A humildade leva-me a perguntar a estes botões que me descem pelo macio casaco azul-bebé o que atrairá tais devotos a este minúsculo blog... Não raras vezes, congemino estórias em que participam estes leitores. Um dos elementos (da feminina espécie) assemelha-se à incarnação humana de Miss Piggy e tem voz estridente (talvez ressone), fala alto ao telemóvel, lança com violência para trás cabelos tingidos de sol, vive sem peias, gosta do choque do que é histriónico mas esconde fragilidades que me entreterei a esmiuçar no romance que terminarei no Verão. Esta personagem - demasiado desequilibrada para existir e não passando de imaginação selvagem desta minha mente de private eye - gosta muito de rir nos entremeios da vida, mas tem esparsa dentição que, nos interstícios da boca rasgada, por sobre o triplo queixo deixa adivinhar vazios onde nem sempre brilham estrelinhas de Hollywood por pouco uso de fita dental e um certo desleixo com a saúde. Há qualquer coisa de pré-fabricado no seu riso, nos seus gestos, na sua atrozmente aparente segurança... É um ser pensativo, mas pouco concretizador; popular mas pouco denso no que toca a circunvoluções cerebrais; de afanoso empenho mas pouca visão para voos quiméricos. Terei de lembrar-me de lhe acoplar infinitesimais rasgos de sentimentos ou espírito e uns modos bruscos que alguns traumatismos sociais deixaram como marca indelével. Será esta a figura burlesca. E isto é uma ordem (!) ao meu amolecimento natural face à criação de antipatias dos meus futuros leitores pelas minhas personagens!

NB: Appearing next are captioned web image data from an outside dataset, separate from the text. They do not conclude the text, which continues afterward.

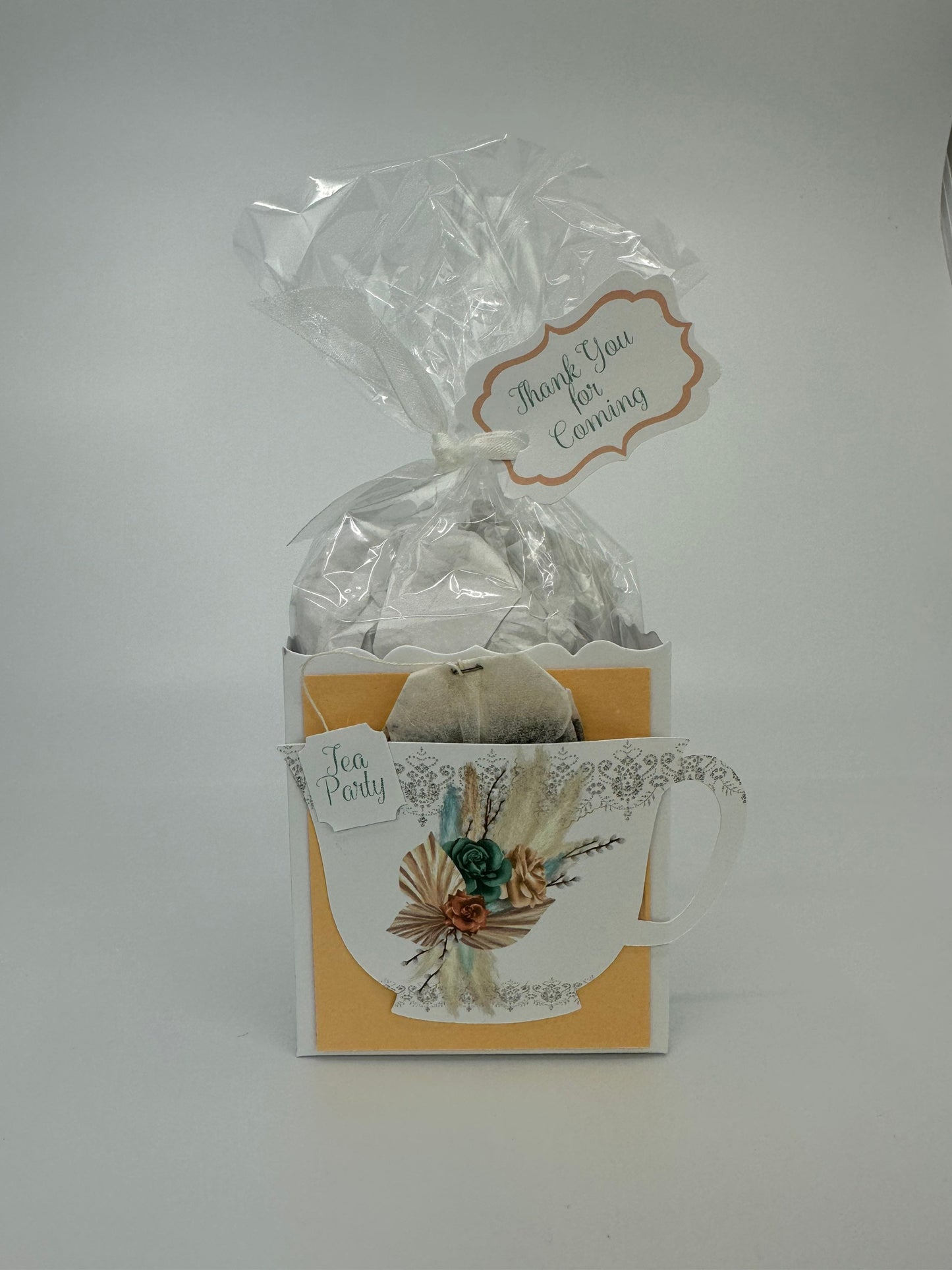 4 Beau-Tea-Ful Boho Bouquet Tea Party Favors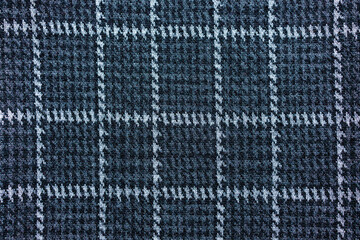 Fototapeta premium Gray checkered suit fabric texture background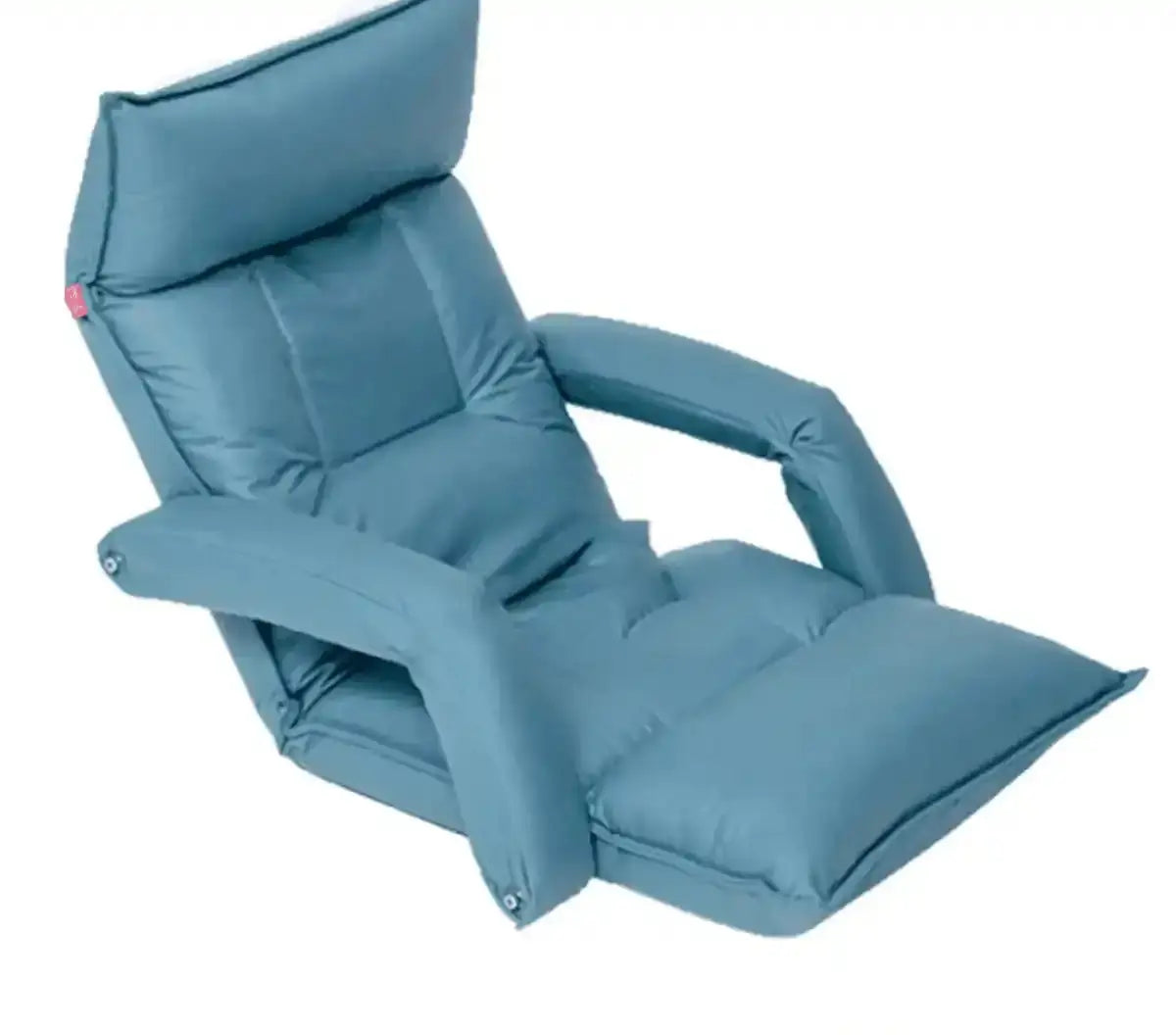 ProReset Oasis Softshell-Hyperbarkammer, Liegesessel in Blau, halb aufgerichtet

Já que sou escritora e nunca igualarei "uma" Agustina Bessa Luís, isto serei pelo menos: omnipotente, omnisciente e omnipresente! Farei da minha "Miss Piggy" um must da literatura ocidental (talvez até a faça arrotar em público), uma "Quina" duma outra "A Sibila", uma desvirtuosa Madame Bovary de Oeiras ou das Telheiras, uma Mata Hari que flatos sazonais assaltem nos mais inconvenientes marcos da sua vida. Convenhamos: ela tem futuro! Como outras personagens que criei, arrisca-se a suplantar-me na quantidade de dóceis sorrisos de admiradores, qual uma tartaruga que ultrapassa a lebre. Então, só me restará suspirar: Senhor, criei um monstro!...
Vá-se lá perceber os porquês do nosso subconsciente! É interessante o que me aflora às percepções da intuição. Gente assim não existe, o que não deixa de conferir aos seres que invento um travo a pitoresco.
Como surpreender (ainda) quem tão bem conhece a minha escrita? Ideias nunca me faltaram, sabe-se que não me custa escrever: custa-me parar.
Hoje, lembrei-me desta singela homenagem, eu, que detesto a Primavera e os seus arroubos de entusiasmo. Neste dia da Poesia e da Floresta, fica a homenagem, com a esperança de que sejam mais harmoniosos os meus reais leitores do que os homúnculos e camafeus que me salpicam o hemisfério da foice cerebral direita, a das percepções extra-sensoriais. Da próxima vez, lembrem-me, por favor, de não me divertir tanto com a espécie humana. Escreverei, então, sobre cadáveres e/ou vermes: serei taxidermista e/ou entomologista.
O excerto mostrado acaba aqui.